His recent Sunday evening programmes have managed to reduce conversation to an intellectual level that makes tiddly-winks, by comparison, a major art form.
Neither the producer of this programme, Malcolm Morris, nor its editor, Tom Brennand, seem to have the faintest conception of what conversation really is.
Any dictionary will tell them that it is an exchange or inter-change of views and ideas and not a succension of monologues or party turns stimulated by nothing better than a pre-organised cue on one of Mr. Andrews’s mysterious prompt cards.
And as any hostess from Surbiton to Belgravia can tell them, you are not likely to get good conversation unless the assembled people have something remotely in common about which they are prepared to argue, chat or joke.
But judging from recent recruits to the dentist’s waiting-room laughingly described as a set your chances of being invited to this programme are considerably enhanced if you happen to be an American actor making a film in England, if only a minute proportion of the viewing audience has ever beard of you, and if your talent as a talker is largely confined to your ability to answer questions about your early life with something more than a grunt.
Euphemistically Eamonn’s guests are hailed as Sunday Night People, but consider ing the relative obscurity of a large proportion of them I suggest Wednesday Matinee People as a more appropriate description.
Obscurity, of course, is no bar to being a good conversationalist, but rarely have any of these people anything to offer but an innocuous grin, a knowing nudge about what went on when they saw Frank Sinatra (“He’s one of the greats! Just one of the greats!”) wearing a funny hat on a golf course in Milwaukee, and a mention for the film they’re involved in.
The plugging that goes on during this programme is sometimes shamefully blatant. I remember him introducing a girl called Sheila White, who had an undistinguished song to sing in the musical On The Level, as “A little girl I reckon’s going to be a big star.”
She proceeded to stomp around in a noisy, grimacing manner that would hardly have justified her appearance on Hughie Green’s Amateur Nights and displayed as much star potential as Eamonn Andrews in the role of Othello.
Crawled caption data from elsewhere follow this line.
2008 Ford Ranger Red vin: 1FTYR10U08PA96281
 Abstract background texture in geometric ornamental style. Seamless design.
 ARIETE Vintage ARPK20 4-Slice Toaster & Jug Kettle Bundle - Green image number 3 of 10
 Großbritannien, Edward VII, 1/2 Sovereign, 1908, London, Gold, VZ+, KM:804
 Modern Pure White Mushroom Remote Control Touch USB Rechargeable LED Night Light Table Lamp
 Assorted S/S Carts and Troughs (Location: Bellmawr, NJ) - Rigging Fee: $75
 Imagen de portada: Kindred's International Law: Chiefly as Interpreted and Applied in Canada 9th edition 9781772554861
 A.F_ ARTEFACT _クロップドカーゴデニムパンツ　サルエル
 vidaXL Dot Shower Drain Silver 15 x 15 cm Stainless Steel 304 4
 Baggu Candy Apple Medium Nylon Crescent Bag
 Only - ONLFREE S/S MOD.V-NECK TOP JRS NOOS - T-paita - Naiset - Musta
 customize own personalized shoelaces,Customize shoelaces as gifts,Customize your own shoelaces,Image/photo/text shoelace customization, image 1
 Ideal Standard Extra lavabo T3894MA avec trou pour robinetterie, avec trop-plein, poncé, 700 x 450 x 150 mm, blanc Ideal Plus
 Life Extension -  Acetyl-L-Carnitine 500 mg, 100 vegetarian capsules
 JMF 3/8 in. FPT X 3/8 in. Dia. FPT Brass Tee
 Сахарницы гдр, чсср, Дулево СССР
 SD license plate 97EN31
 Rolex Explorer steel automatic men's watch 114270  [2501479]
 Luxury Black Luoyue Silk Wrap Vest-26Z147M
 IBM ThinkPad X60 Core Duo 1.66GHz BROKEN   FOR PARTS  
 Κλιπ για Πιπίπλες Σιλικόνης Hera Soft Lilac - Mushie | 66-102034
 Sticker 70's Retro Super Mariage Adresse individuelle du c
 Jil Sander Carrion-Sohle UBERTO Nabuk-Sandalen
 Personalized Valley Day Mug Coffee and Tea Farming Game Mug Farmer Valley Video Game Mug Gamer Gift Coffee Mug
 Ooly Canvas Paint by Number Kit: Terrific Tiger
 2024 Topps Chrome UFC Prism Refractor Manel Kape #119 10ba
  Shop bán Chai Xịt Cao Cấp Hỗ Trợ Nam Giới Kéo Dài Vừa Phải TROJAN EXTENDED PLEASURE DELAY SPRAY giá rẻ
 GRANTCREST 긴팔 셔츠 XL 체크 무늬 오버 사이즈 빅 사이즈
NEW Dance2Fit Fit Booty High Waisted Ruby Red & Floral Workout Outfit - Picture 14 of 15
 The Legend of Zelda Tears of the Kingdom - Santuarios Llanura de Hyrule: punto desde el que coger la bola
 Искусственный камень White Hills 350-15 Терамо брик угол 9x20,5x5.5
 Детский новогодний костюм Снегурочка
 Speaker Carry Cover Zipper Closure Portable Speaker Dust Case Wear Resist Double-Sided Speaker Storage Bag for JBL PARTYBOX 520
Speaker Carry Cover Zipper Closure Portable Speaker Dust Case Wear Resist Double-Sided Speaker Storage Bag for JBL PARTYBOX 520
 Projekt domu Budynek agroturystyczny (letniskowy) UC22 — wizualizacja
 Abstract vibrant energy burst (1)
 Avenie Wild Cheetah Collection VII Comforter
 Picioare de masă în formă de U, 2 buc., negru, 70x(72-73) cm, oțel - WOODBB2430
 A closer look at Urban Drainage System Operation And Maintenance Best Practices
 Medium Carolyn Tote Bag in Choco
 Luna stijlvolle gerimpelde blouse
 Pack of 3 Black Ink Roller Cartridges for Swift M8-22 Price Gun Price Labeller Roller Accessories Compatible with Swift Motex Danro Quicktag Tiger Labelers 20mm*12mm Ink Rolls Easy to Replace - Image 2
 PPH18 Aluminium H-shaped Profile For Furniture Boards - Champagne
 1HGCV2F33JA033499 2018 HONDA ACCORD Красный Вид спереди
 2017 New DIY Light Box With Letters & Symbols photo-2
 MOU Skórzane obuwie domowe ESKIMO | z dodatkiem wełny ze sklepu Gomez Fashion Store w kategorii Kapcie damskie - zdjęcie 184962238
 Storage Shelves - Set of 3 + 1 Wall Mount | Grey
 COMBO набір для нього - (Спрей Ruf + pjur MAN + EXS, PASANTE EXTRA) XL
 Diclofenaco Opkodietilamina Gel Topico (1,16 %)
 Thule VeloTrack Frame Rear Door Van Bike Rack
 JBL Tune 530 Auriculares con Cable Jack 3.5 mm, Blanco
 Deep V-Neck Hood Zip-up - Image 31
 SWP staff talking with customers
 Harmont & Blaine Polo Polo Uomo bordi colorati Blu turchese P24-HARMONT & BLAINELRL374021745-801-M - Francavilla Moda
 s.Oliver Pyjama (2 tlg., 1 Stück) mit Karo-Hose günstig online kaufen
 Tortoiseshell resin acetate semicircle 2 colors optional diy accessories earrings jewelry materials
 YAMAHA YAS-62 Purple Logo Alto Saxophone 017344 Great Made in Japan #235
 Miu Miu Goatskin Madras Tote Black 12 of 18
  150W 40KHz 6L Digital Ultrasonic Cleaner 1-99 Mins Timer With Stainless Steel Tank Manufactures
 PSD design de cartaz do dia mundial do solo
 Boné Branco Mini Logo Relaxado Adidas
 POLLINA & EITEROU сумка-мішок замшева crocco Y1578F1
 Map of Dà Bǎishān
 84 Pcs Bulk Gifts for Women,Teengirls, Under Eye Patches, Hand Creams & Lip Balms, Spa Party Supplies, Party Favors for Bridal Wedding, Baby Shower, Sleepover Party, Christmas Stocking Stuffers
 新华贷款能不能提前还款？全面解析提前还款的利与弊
Sometimes the programme luckily gets an extrovert like Sir John Barbirolli who is amusing value as long as no one interrupts his stories. But more often vital personalities like Vanessa Redgrave are reduced to the status of embarrassed, limp observers trying to smile bravely at show biz anecdotes told by their more exhibitionist fellow-guests.
And if his guests could be orchestrated into some sort of a central discussion and leave him with little to do but act as a direction finder, there is no good reason why Eamonn Andrews should not continue to compere it. He is a pleasant, likeable professional.
But it could be that The Eamonn Andrews Show has already reached the point of no-return.
When the best brains, the best wits, the best conversationalists often refuse to take part in it because its standards have become embarrassingly low then there is nothing for ABC to do but either wind it up or get down to some drastic reshaping of the show’s entire structure and philosophy.